A few years ago, I remember reading some books about how we have the power to choose what we think and what we think affects our entire lives and every aspect of our lives. One book is Karol K. Truman's "Feelings buried alive never die". In it is an excerpt from another book about a soldier's account of freeing people in a concentration camp and one prisoner there they called Handle Bar Willie. The soldier described the camp and the varied condition of the prisoners. He said that Willie was in relatively good health so he suspected that he had only been there a short time compared to other prisoners. Later he found out that Willie had actually been there for four years. This surprised him and he asked Willie about his story.
Willie said the day the Nazi's came to his village they rounded everyone up including his family. They were going to execute everyone except Willie because he was able to interpret several languages and they needed him for this reason. Willie said he begged them to allow him to die with his wife and children but they refused. He said that in that moment he knew he had a choice. He could hate them and being a lawyer by trade, he knew what hate did to people or he could forgive them. Willie choose to forgive them.
This story made me think of a movie I had watched when I was younger called "Dangerous Minds". It's about a teacher who teaches in a school suffering from low funds, run down facilities and students who are bombarded with gangs and financial scarcity. There was a line from the movie where the teacher says, "There are no victims." that made an impression on me. Between the story of Willie and this movie it made me think about how I perceived my own life's experiences.
After a while I came upon this concept. The holocaust was a period of time were some of the worst human atrocities occurred. However, regardless of what was done to them or taken from them, no matter how hard the Nazi's tried, what was the one thing that couldn't be taken from them? It was their ability to choose, their choice of what to think, feel, and believe. They couldn't be made to feel angry, hopeless, or like a victim; they had to choose it. Just as no one can make me mad or disappointed; I have to choose it.
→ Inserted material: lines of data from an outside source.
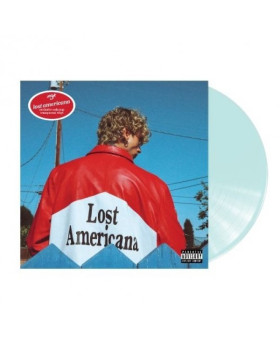 mgk (Machine Gun Kelly) - Lost Americana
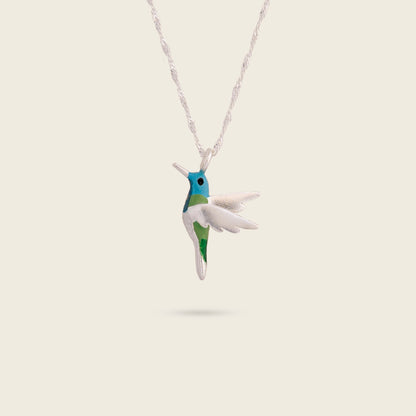 COLLAR COLIBRÍ CHILLÓN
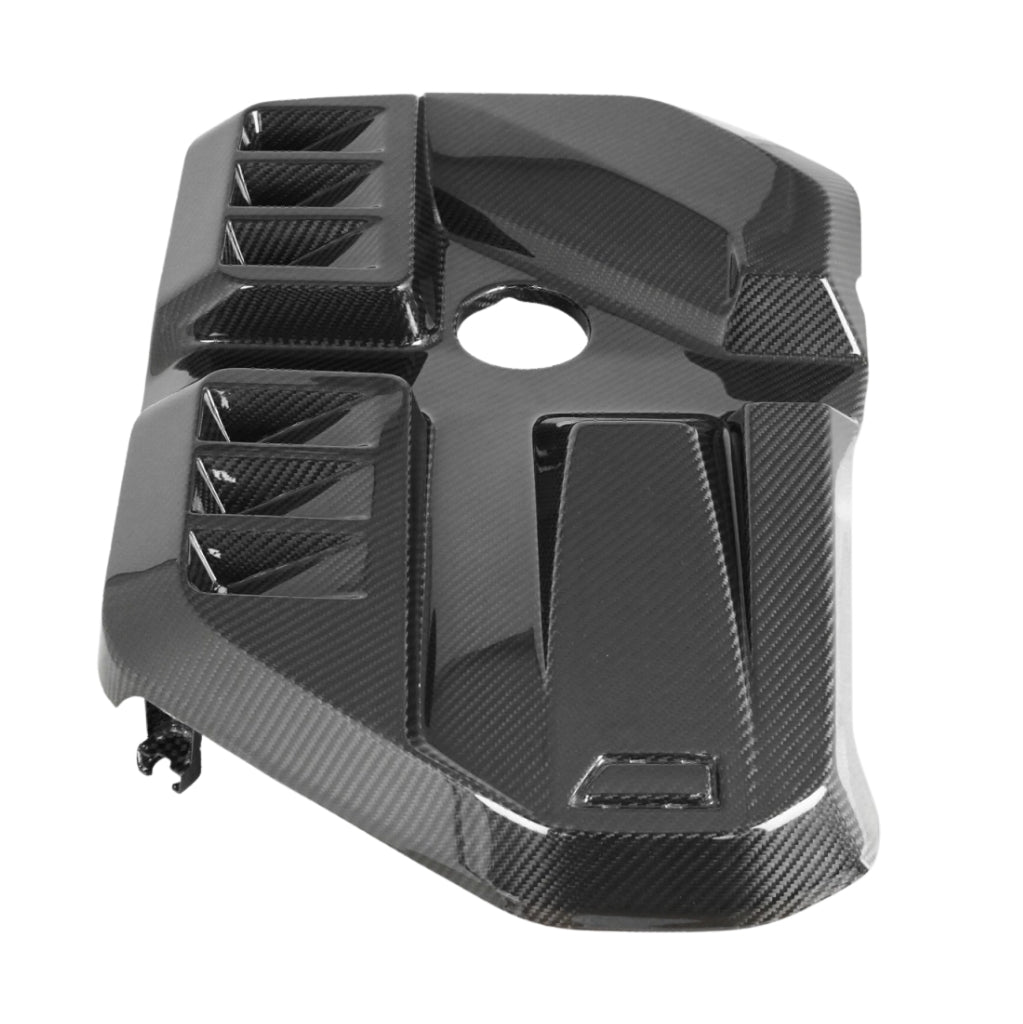 DO88 - Carbon-Motorabdeckung - BMW M2 / M3 / M4 G8x S58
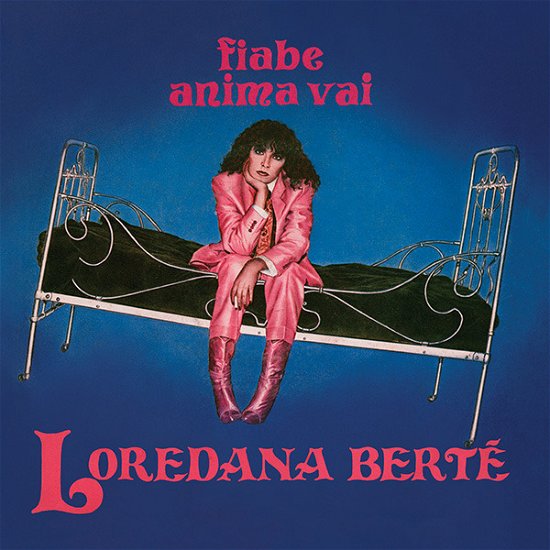 Fiabe / Anima Vai - Loredana Berte - Musique - NAR INTERNATIONAL - 8004429112209 - 27 novembre 2020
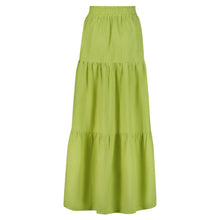 Load image into Gallery viewer, CÉLIA LINEN SKIRT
Also, if someone else makes you mad, then doesn't that make them the ones in control of your feelings? And if someone else is in control of your feelings then doesn't mean that you then have to control them in order to be able to control your feelings? In this scenario everyone is left trying to control everyone else in order to control themselves. This doesn't sound like God's plan of agency to me. It is only in taking responsibility of our feelings that we have power that doesn't have to come from controlling someone else.
Recently I came across a man by the name of Viktor Frankl. He is a holocaust survivor and the author of "Man's search for meaning". Interesting to me is the fact that I had never before heard of Viktor or his book and yet I happened upon the same thing that his book teaches about. Here is an excerpt from his book that will explain.
"Forces beyond your control can take away everything you posses except one thing, your freedom to choose how you will respond to the situation. You cannot control what happens to you in life, but you can always control what you will feel and do about what happens to you."